You can also see this class in the MicroRaft GitHub repository.
Before application logic matters, you need a cluster that can form, discover peers, and elect a leader consistently.
Now we have all the required functionality to start our Raft group and elect a leader. Let's write our first test.
This is the first full-system check: nodes can start, discover peers, and converge on a leader before any application-specific behavior is layered on top.
To run this test on your machine, try the following:
$ ./gradlew :microraft-tutorial:test --tests io.microraft.tutorial.LeaderElectionTest
You can also see it in the MicroRaft GitHub repository.
Ok. That is a big piece of code, but no worries. We will swallow it one piece at a time.
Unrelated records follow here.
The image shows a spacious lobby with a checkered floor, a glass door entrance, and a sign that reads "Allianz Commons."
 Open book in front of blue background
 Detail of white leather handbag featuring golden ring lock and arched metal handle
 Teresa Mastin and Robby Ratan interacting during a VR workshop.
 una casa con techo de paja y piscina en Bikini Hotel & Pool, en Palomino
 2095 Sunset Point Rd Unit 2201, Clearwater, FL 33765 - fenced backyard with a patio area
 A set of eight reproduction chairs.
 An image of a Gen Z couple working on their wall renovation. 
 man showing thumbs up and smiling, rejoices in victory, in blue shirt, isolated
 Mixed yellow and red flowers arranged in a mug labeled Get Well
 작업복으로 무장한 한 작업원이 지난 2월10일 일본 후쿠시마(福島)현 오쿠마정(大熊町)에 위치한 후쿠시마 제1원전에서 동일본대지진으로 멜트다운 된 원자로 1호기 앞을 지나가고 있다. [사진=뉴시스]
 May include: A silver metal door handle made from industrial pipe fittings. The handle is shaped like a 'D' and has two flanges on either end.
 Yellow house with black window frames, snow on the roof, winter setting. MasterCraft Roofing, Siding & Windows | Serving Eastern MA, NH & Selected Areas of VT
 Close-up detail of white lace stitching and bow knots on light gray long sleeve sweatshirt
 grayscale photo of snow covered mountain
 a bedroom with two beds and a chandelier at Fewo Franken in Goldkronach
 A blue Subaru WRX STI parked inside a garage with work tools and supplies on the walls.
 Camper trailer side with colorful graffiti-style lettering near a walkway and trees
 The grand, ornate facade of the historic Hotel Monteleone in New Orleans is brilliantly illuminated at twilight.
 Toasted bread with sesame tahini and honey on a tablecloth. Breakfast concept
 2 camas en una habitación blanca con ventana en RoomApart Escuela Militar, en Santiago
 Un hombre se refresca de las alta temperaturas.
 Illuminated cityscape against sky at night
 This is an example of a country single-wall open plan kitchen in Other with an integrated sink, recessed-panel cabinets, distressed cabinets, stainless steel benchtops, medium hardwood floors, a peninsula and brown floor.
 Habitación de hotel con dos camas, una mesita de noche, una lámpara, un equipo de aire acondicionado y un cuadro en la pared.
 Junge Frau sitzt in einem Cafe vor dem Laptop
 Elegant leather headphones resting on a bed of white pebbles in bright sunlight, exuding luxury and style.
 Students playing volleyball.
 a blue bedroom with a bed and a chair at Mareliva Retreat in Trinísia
Before bootstrapping a new Raft group, we first decide on its initial member
list, i.e., the list of Raft endpoints. The very same initial Raft group member
list must be provided to all Raft nodes, including the ones we will start later
and join to our already-running Raft group. It is what we do in the beginning of
the class by populating initialMembers with 3 unique Raft endpoints.
startRaftGroup() calls createRaftNode() for each Raft endpoint and then
starts the created Raft nodes. When a new Raft node is created, it does not know
how to talk to the other Raft nodes. Therefore, we pass created Raft node
objects to enableDiscovery() to enable them to talk to each other. This method
just adds a given Raft node to the discovery maps of the LocalTransport
objects of the other Raft nodes.
Once we create a Raft node via
RaftNodeBuilder,
its initial status is
RaftNodeStatus.INITIAL
and it does not execute the Raft consensus algorithm in this status. When
RaftNode.start() is called, its status becomes
RaftNodeStatus.ACTIVE
and the Raft node internally submits
a task to its RaftNodeExecutor to check if there is a leader. Since we are
starting a new Raft group in this test, obviously there is no leader yet so our
Raft nodes will start a new leader election round.
The actual test method is rather short. It calls waitUntilLeaderElected() to
get the leader Raft node and asserts that a Raft node is returned as leader.
Please note that this method offers the discovery functionality to find the
leader. It just waits until all Raft nodes report the same Raft node as the
leader.
Let's run this code and see the logs. The logs start like following:
23:54:38.121 INFO - [RaftNode] node2<default> Starting for default with 3 members: [LocalRaftEndpoint{id=node1}, LocalRaftEndpoint{id=node2}, LocalRaftEndpoint{id=node3}]
23:54:38.121 INFO - [RaftNode] node3<default> Starting for default with 3 members: [LocalRaftEndpoint{id=node1}, LocalRaftEndpoint{id=node2}, LocalRaftEndpoint{id=node3}]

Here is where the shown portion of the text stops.